In this study, we assessed the wind measurements with the aim to identify SB and NLLJ meteorological events in the north of France. Measurements were mainly taken using an ultrasonic anemometer in the coastal region of Dunkerque. We developed four algorithms to identify NLLJ and SB days: Sign Change of Sea-Breeze Component (SCSBC), recurrent neural network (RNN) for SB, Haar wavelet threshold technique for NLLJ (HWTT), and Symlets wavelet slope technique for NLLJ (SWT).

These algorithms successfully identified the SB and NLLJ days. Some significant results obtained from the analysis are the following:

• The proposed RNN algorithm is good enough for SB identification, having 98% sensitivity, 91% specificity, and 95% classification accuracy.

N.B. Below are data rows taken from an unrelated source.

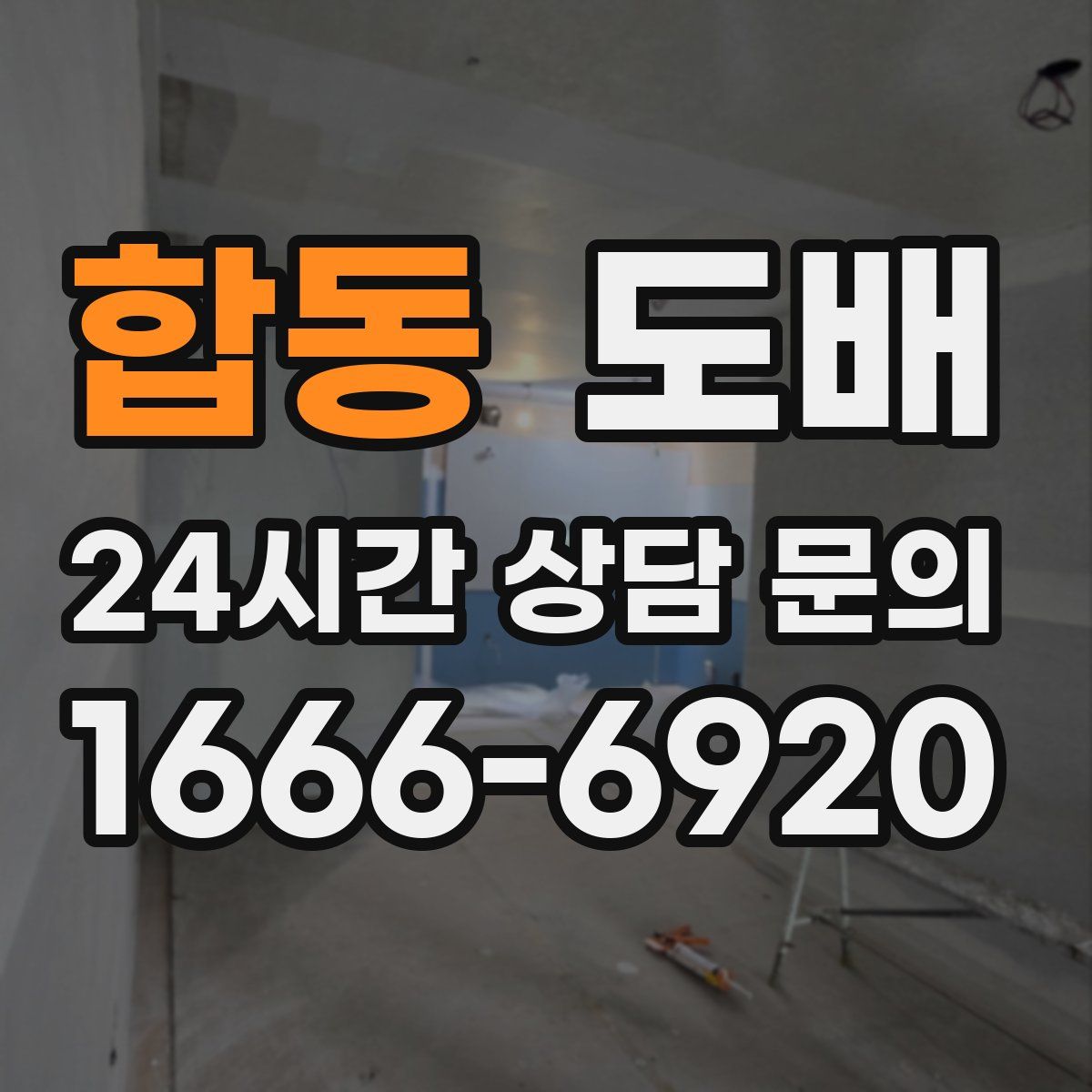 합동 도배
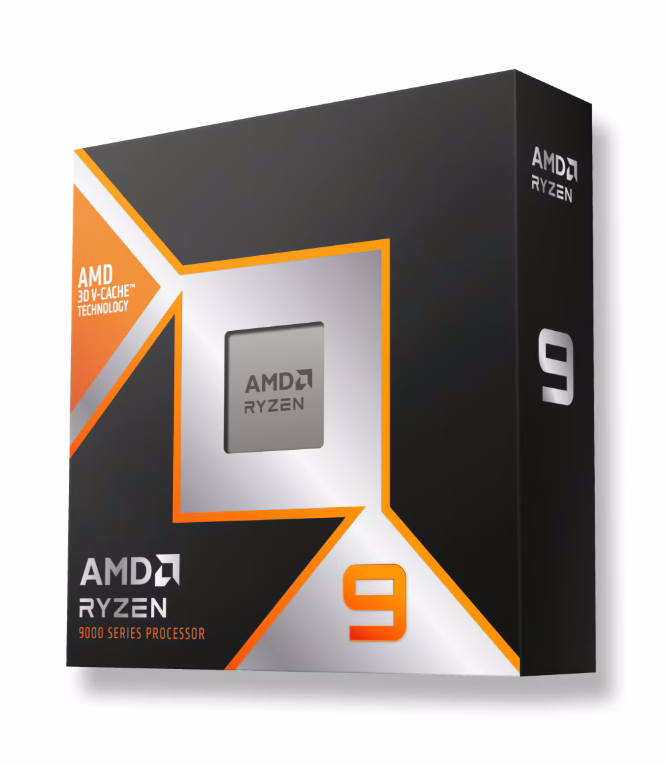 Oppgradering til 9950X3D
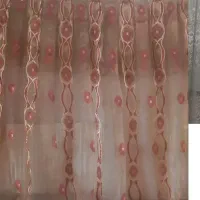 پرده حریر در حد نو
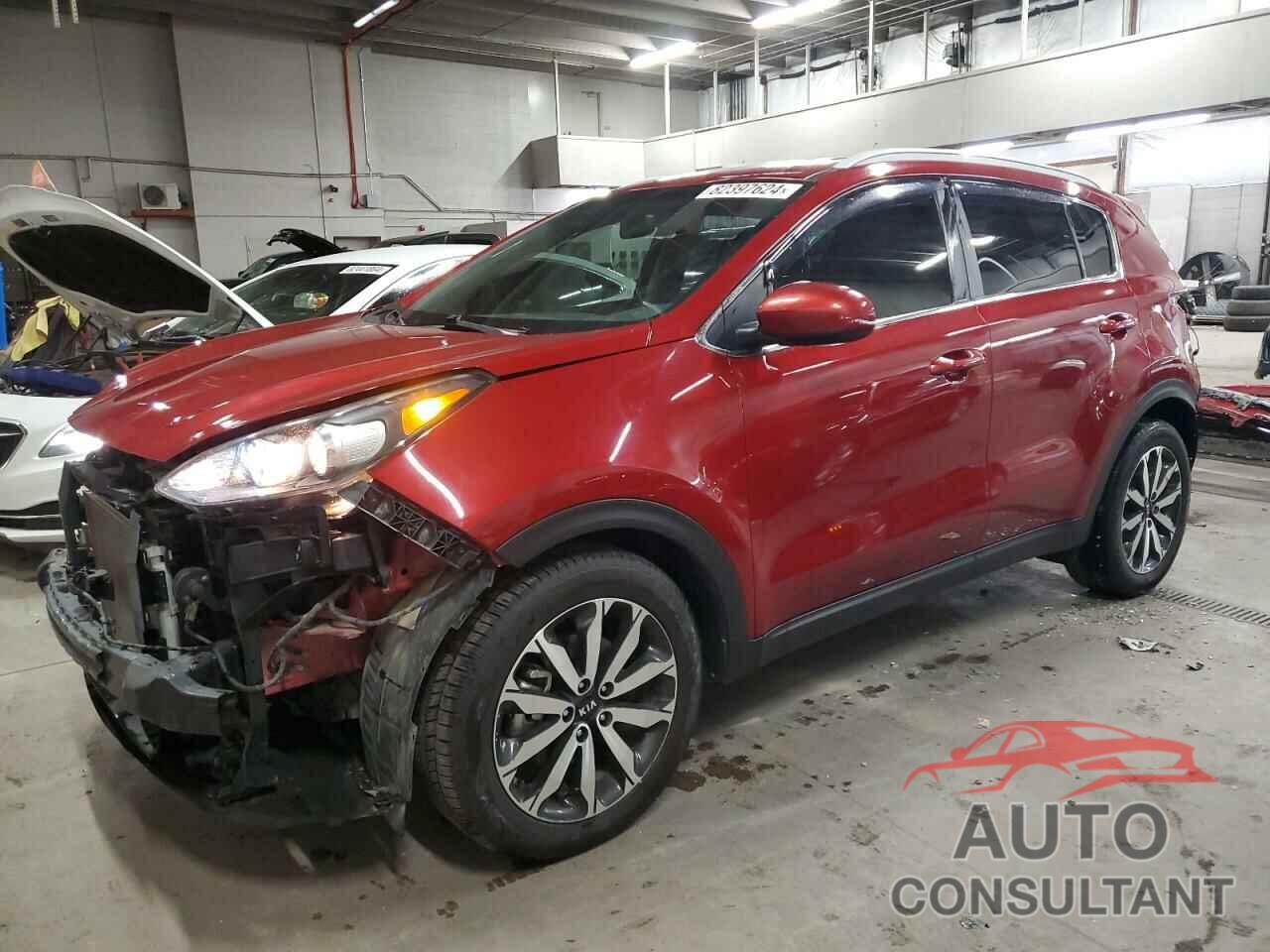 KIA SPORTAGE 2017 - KNDPM3AC5H7106377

• The results obtained from the RNN algorithm are in good agreement with the independent lidar observations and show that 88% of SB events were detected during the 86-day IOP.
• Regarding NLLJ, the proposed algorithms (HWTT and SWT) detected a similar number of NLLJ events, with a R² of 0.98 between the NLLJ detected from HWTT and that from wind lidar measurement.
• During the NLLJ events, the estimated maximum hourly average peak power generation was approximately 5 times higher than that of the reference day, and the peak power generation was 2.5 times higher during the SB events.
• The integral length scale during the NLLJ was found to be 1.25 times larger than that during SB events. Furthermore, the integral length scale during the SB was 1.6 times larger than that expected for a reference day.